The last sizeable addition to Europe’s benzene capacity was the opening of a $25 million extraction unit at
Shell’s refining and petrochemicals site at Moerdijk, the Netherlands, in 2002. It is able to extract around
500,000 tons per year of benzene from streams at Moerdijk and from other Shell and third-party facilities in
Europe.
In addition to pyrolysis gas from ethylene, which accounts for around half of benzene supplies, the main
sources of the material are reformate and units for hydrogen dealkylation (HDA) and toluene
disproportionation (TDP). But painful memories of the effects of crash in benzene prices a few years ago
linger, and refiners are cautious about drawing up plans for new capacity.
“The long-term average utilization rate of HDA plants has been around 40 percent because of the many
occasions when the price of the toluene input was higher than that for the benzene output,” says Ms. Bouch.
“Even with the current high benzene prices, an investment in an HDA unit is not economically attractive.”
“Probably capacity will initially be increased by an expansion of extraction capacity from reformate,” she
continues. “But first, refiners will have to be much more confident about the longer-term outlook for the
benzene supply-demand balance. In the meantime, benzene prices will stay high.”
However, nonintegrated benzene consumers could decide to invest in their own production capacity,
probably through HDA or TDP units.
“The nonintegrated derivative producers are under the most pressure to invest upstream,” says Mr.
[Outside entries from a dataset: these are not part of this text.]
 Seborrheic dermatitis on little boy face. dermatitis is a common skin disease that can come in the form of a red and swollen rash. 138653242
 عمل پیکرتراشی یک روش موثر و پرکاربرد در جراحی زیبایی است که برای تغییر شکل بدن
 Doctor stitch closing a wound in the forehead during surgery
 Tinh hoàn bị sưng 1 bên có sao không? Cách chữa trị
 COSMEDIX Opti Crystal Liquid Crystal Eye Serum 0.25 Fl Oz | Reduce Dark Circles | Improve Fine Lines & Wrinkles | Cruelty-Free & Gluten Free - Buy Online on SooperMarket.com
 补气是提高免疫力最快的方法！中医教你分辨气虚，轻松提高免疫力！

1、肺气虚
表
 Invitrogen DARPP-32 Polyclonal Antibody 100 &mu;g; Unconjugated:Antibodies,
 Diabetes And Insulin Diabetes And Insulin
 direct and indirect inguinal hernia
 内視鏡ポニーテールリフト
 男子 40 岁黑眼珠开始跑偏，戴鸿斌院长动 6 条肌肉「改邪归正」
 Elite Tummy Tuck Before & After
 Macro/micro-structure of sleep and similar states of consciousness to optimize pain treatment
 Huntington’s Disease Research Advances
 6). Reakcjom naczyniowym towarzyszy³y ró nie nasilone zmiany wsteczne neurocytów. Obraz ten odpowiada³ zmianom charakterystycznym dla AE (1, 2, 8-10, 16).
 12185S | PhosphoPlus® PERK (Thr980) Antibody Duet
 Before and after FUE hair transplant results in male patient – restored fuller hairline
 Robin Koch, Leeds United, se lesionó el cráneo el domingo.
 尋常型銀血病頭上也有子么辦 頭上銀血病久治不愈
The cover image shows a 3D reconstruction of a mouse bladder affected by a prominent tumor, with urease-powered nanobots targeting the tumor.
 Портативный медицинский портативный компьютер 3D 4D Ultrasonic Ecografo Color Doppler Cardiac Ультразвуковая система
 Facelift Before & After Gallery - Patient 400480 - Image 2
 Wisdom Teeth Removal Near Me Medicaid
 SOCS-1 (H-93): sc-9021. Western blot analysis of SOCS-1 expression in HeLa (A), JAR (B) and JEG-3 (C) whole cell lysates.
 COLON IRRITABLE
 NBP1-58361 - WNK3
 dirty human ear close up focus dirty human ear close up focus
Hodges.
“They could form alliances with refiners to gain access to feedstock for new capacity or they could set up
consortia with other benzene users. For example, a polystyrene and a polyester producer could link up to
share the output of benzene and paraxylene from a TDP unit.”
Polystyrene makers have been struggling to cope with soaring benzene costs. Since the beginning to this
year, European polystyrene prices have risen by as much as 25 percent. A gap of about 10 percent has
opened up with polypropylene prices.
“There were expectations that the balance between the two polymers would have changed in favor of
polystyrene because of the tightness in supplies of propylene,” says Andrea Borruso, a petrochemicals
consultant at STI International, Zurich. “Polystyrene would have been competitive in segments like thermoforming for CD packs.”
“Polystyrene prices should come down in the next three to four months,” he adds. “But it will be bad news for
polystyrene producers if benzene continues to be high. There is not enough demand downstream to sustain
high polymer prices.”
Nevertheless, operators of Europe’s naphtha ethylene crackers, which account for the vast majority of the
region’s olefin plants, are finding that their operating economics are considerably improved by the high
prices for benzene and other by-products like propylene.
For every 3.25 tons of naphtha feedstock, a typical cracker produces one ton of ethylene, around 0.4 tons of
propylene and 0.2 tons of benzene, according to Jacobs Consultancy. “Because of the high by-product
credits, a West European coastal producer can be as or more cost-competitive than a cracker in Saudi
Arabia based on low-cost ethane,” explains Roger Newenham, a Jacobs consultant. “European crackers
have not got to that point yet, but it is possible that it could be reached soon, particularly if naphtha prices
come down while there is still a wide spread with benzene prices,” he says.